Of course, early 20th century planners toyed with the idea of hooking the East Boston Tunnel into the Tremont Street Subway, which likely would have eventually resulted in the creation of a Kenmore-to-Maverick subway, likely with the current Green Line branches at one end, and probably an LRT-conversion of the Boston, Revere Beach & Lynn Railroad on the other.
But I think this is part of why a Blue-Beyond-Kenmore conversation is inherently a bit more "mysterious" or "confounding" than other stuff we talk about. Most of the other extensions we discuss are along well-established corridors that were outlined as long ago as 1945 -- Orange to Reading, Blue to Lynn, Orange to W Roxbury, Green to Needham, "something" to Arlington, and "something" along the Mass Pike, etc. Of those 1945 corridors, the obvious remaining gap which Blue could slot into is along the Mass Pike, but... we've kinda already figured out a good way to serve that corridor -- Indigo Line EMUs comingled with regional rail. No tunneling required (and worth noting that the 1945 proposal would not have entailed tunneling either, but rather partial ROW conversion). And the 1945 vision of through-run rapid transit in a loop out the B&A and back the Highland Branch obviously is never going to happen.
But with that "obvious" candidate suddenly looking like much less of a surefire thing... then suddenly we have the whole universe open to us again. You have everything from "Kenmore-Riverway-Forest Hills" to "Kenmore-Brighton-Riverside" to "Kenmore-Watertown-Waltham" to "Kenmore-Harvard" to "Waltham or Riverside, but via MIT instead of Kenmore" to "alt route to Harvard via Cambridge and then Watertown", even to crazier stuff like "Blue eats GLX" or even the occasional "Blue bends back to hit Charlestown and Chelsea".
Obviously some of these are more buildable than others -- for example, I don't think Watertown or Waltham are ever gonna be reached by rail via Kenmore -- but I don't think any one corridor is that much more obvious than any of the others.
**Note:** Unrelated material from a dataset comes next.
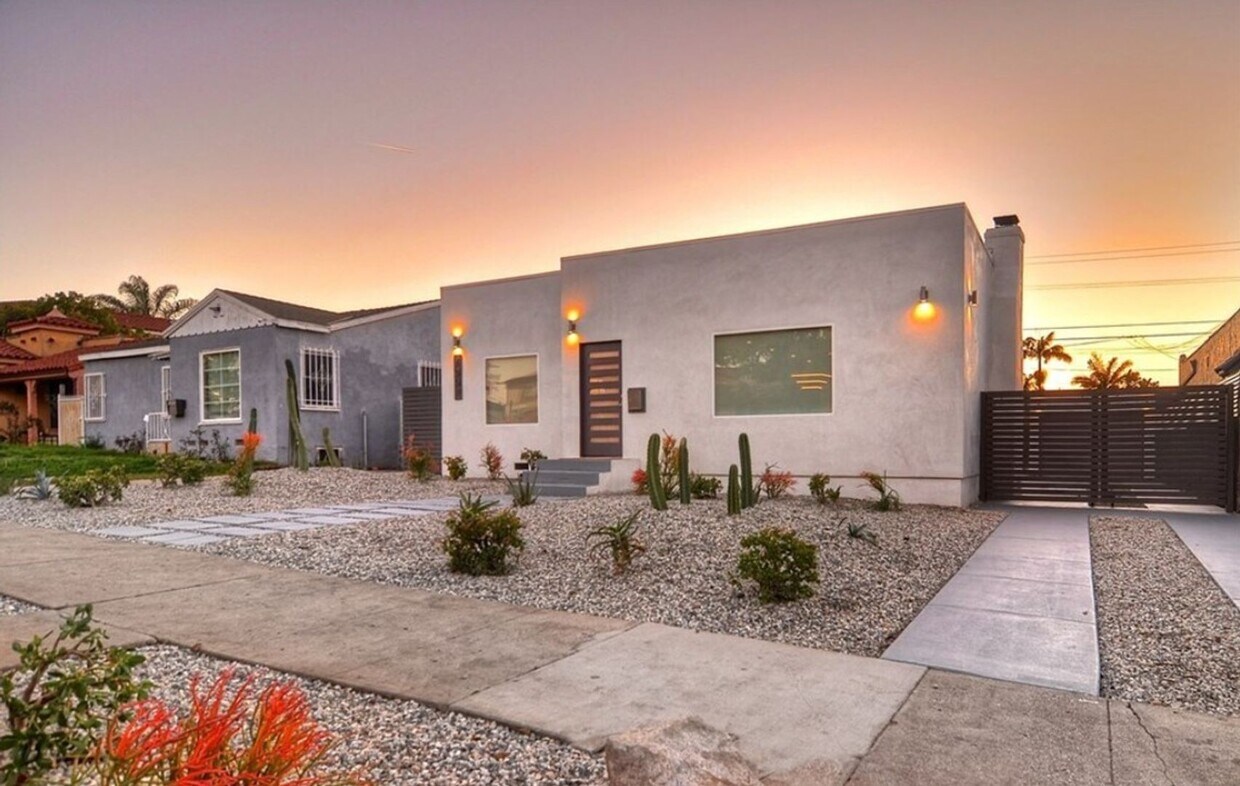 Private 3 Bed / 2 Bath Home with Incredible Outdoor Space - Private 3 Bed / 2 Bath Home with Incredible Outdoor Space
And I think that's why a consensus for Blue-Beyond-Kenmore -- hell, even Blue-Beyond-Charles -- is very hard to reach. The "natural" layout of the T would call for a Revere-Highland Branch line paired with a Woburn-B&A line. But since the B&A is unavailable now, it'll be much more "situationally dependent" as to where the Blue should go after Kenmore -- assuming it ever makes it that far, and whether it should even go further than that.
(Parenthetically -- I dislike the idea of sending the Blue Line down toward Riverway. That points it to eventually getting extended all the way down Forest Hills, and I see very little use for that. I'd rather see an extension out toward Allston, under the theory that you could eventually extend it out further from there, if you chose.)